El compromiso regional con el Parque Científico y Tecnológico del Bío Bío

Por: Editorial Diario Concepción | 14 de Abril 2018
Fotografía: Archivo.

Las grandes empresas, sobre todo si son regionales, tienen que asumir que no se les privará de dificultad alguna, que  no habrá barrera que se allane a ser vencida sin el máximo de esfuerzo y al mismo tiempo, que tendrán que  lidiar con las resistencias propias de la excesiva prudencia y de la solapada oposición, principalmente porque las grandes obras requieren pensar en grande, mucho más allá que la vigencia terrenal de sus propulsores, como pudo ser el caso de la creación de la misma Universidad de Concepción, que vivió en su inicio con menos auspiciosos escenarios.

La idea de construir el Parque Científico y Tecnológico del Bío Bío (Pacyt) nació en 2007 en una alianza entre la Universidad y el Gobierno Regional, precedida de largos estudios y elaboración de proyectos, que contemplaban desde la factibilidad hasta los impactos ambientales, además de su proyección en el tiempo para el desarrollo regional sustentable.

Una iniciativa similar en el estado de Yucatán, para no comparar con otras del primer mundo, resume las metas comunes de un proyecto de esta naturaleza; impulsar el desarrollo tecnológico y la competitividad regional por medio de la transferencia de conocimiento y tecnología entre los sectores  académicos,  productivos y de Gobierno, para contribuir a la creación, desarrollo e incubación de empresas de base tecnológica e innovadora, formación de recursos humanos de alto nivel y la promoción del desarrollo económico, social y ambiental en beneficio de la Región, el país y la comunidad internacional.

Se instalarían allí grupos de empresas tecnológicas, tanto nacionales como extranjeras, universidades y organismos internacionales, enfocándose en áreas descritas como tendencias  globales de innegable impacto, tales como el cambio climático, revolución digital e industrial 4.0, energías limpias, alimentos saludables, producción sustentable y turismo de naturaleza.
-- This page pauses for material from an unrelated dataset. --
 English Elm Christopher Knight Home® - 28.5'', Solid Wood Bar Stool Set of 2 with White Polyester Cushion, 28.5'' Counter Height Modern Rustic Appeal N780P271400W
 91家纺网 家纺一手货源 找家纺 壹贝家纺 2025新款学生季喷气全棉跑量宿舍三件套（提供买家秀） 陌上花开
Las estimaciones de los autores del proyecto aseguran la generación de un positivo y un fuerte impacto en la Región, creando al menos 2.000 puestos de trabajo.
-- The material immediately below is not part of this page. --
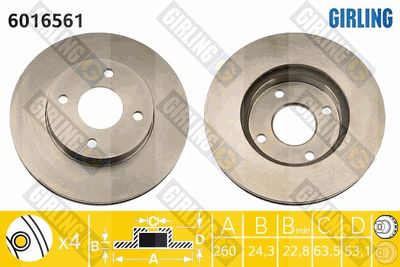 6016561 GIRLING Тормозной диск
Es indispensable que de modo transparente se garantice el positivo impacto en las personas, ya que  infraestructura pública que demanda y los montos de la inversión que se compromete solo cobran sentido si apuntan a mejorar la vida de la comunidad. La seriedad y el compromiso de los actores relevantes en el desarrollo de este proyecto son un respaldo a su implementación y desempeño.
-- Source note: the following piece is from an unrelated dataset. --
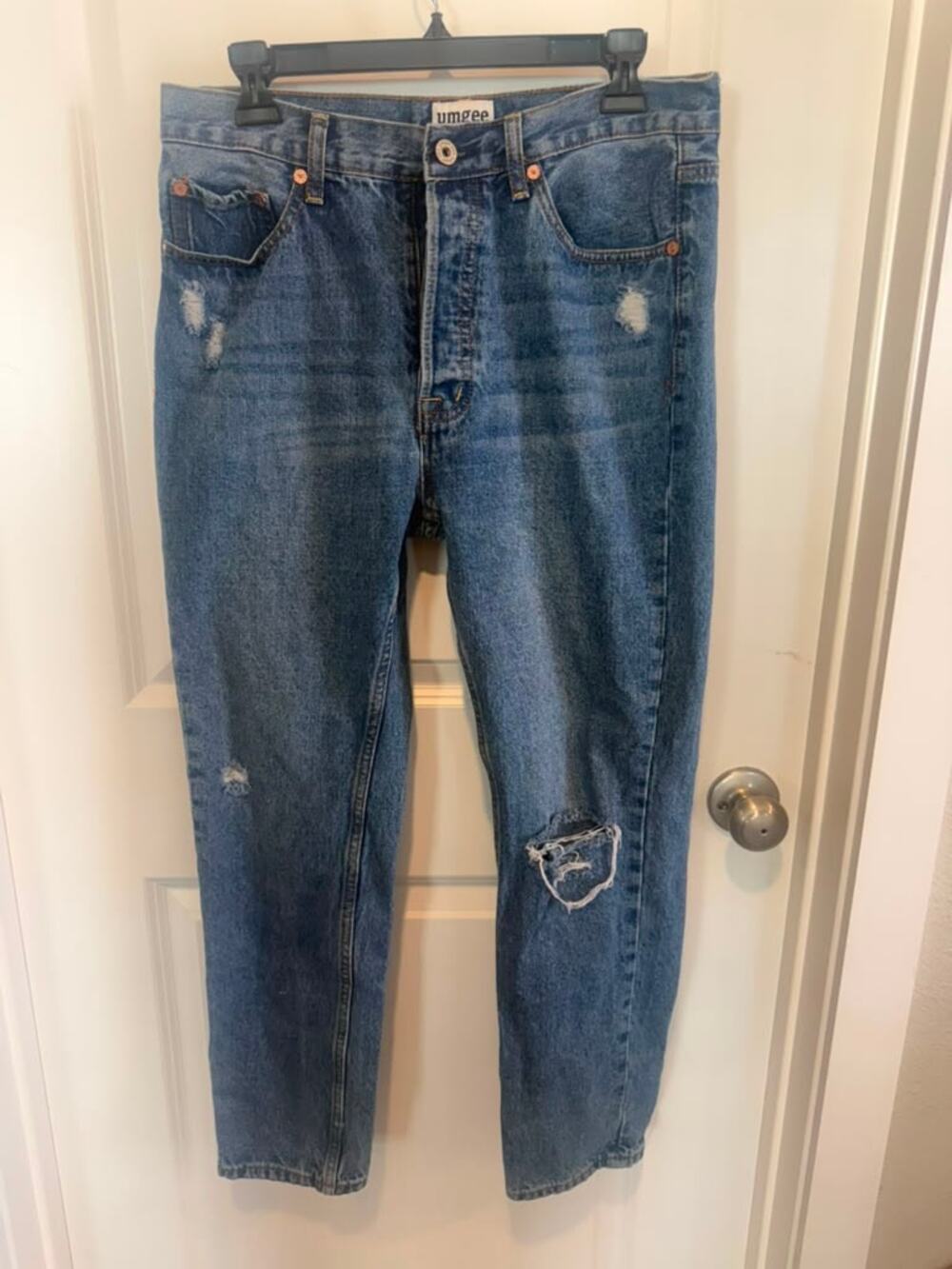 Umgee Button Front Distressed High Rise Jeans Blue Size 28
Sin embargo, la administración del proyecto ha informado que la Contraloría Regional, a última hora, ha decidido no tomar razón, por tratarse de un proyecto privado, una conclusión increíble, después de haber sido aprobado por el Core, de haber estimado que las obras se iniciaban el 28 de febrero y haber comprometido recursos finacieros y materiales cuantiosos.

Es justamente la clase de actitud que han tenido algunos personeros de esta región, antiguamente en el liderazgo del desarrollo nacional y ahora prostrada y en segundo plano, en perpetuo estado de rogativa al poder central, sin la necesaria audacia para crecer.

Es de esperar  que las autoridades a cargo de este proyecto logren vencer esta nueva barrera, la de la burocracia dependiente y de corta visión  y se recobre la dinámica indispensable para   materializar  una de las obras de mayor importancia en la historia de la ciudad y la Región.